Frank Wainwright was recently a runner participant in the Mongol 100, a 100-mile, 4 day crossing of Lake Khovsgul with participants making the journey on foot, skating or by fat bike. The event had just 12 participants – all of whom had signed up in 2019 for the COVID casualty 2020 event. The lucky 12 were able to get out to Mongolia when a late change in COVID restrictions made this year’s event possible.
Here lies Brian Downes, swaddled in down. Don’t be deceived by the coffin bag. This is the resurrection of a superhero in progress.
How deep can you sleep on a frozen lake at -30C? If you take your inspiration from Brian – and I tried to – you can go a full 7pm to 7am in snuffling bliss.
Brian needed that sleep and we needed Brian. As Brian snored gently into the night it struck me that nobody cared. No, more accurately, everyone cared. No one was remotely bothered by the snores,we would all snore at some point. Everyone cared that they did their work and restored those energy levels to a member of the team upon whom we were all so reliant.
In fact, I was inspired and comforted in equal measure. If Brian could find such deep rest, so might I? This man was sleeping by example.

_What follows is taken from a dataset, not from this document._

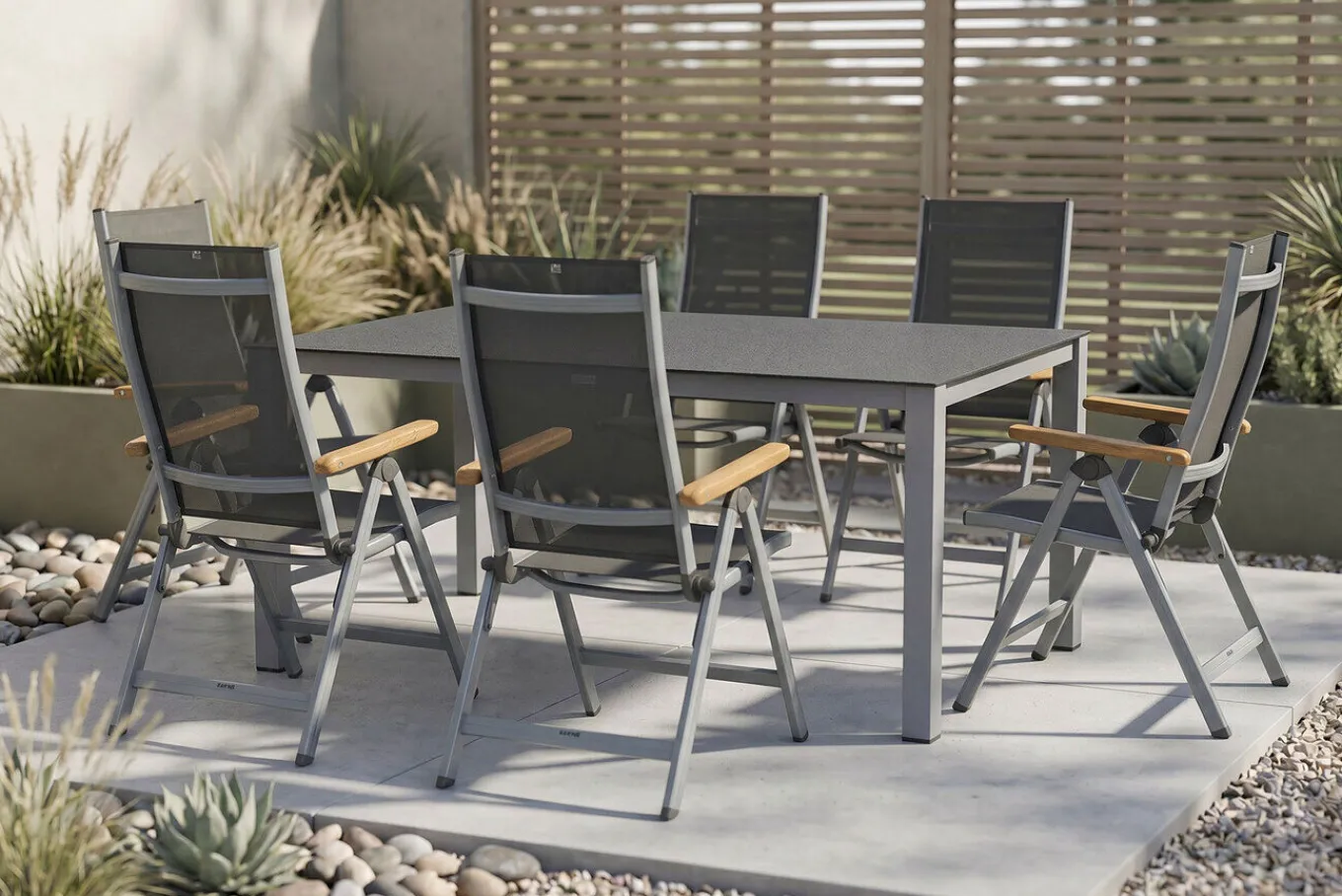 Online Granada Garten-Essgruppe, silber/anthrazit, Alu/Spraystone/Textil, 160 x 95 cm, 6 Klappstühle Garten-Essgruppen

Brian had volunteered for this trip, to help us meet our ambitions, and he did so with an easy effervescence and bon homie that made us all feel lighter in spirit. Brian and Laura, this event’s other volunteer, were our aid stations. They became two beacons of joy, easy to spot against the white land and blue sky day. They made hot drinks ahead of order each day at 10K (Laura), 20K (Brian) and 30K (Laura). Both knew how to find the right words of encouragement. Both could raise a smile into the shrilling wind.
Beautiful people, but the biggest joy in writing these reflections is that I could say the same for anyone on this collective adventure.
Only 12 of our party were going for the challenge of crossing the 100-mile expanse of Mongolia’s Lake Khovsgul in four days. But our overnight camps were nearly treble that number with a full entourage of Mongol guardians, driving essential vehicles, building and tending the fire, setting up tepees and stoves, heating water, disposing of waste, feeding ponies… And we also had our own imported expertise – expedition and survival leaders, medics, cultural translators, event-co-ordinators, sports advisors, and a photographer supreme.
As an event participant I have rarely been encouraged to be so selfish, nor taken advantage of that offer so readily. My arrival in camp was all about me, me, me. First taking congratulations at the finish flag, then finding my essential gear that had been driven there, then choosing a bed in my designated tepee, then changing, then bed making, then attempting to warm myself. After that, cooking, eating, drinking, abluting… Then joining in conversation, that necessary catharsis that helped us to relate to these straitened circumstances and handle it better.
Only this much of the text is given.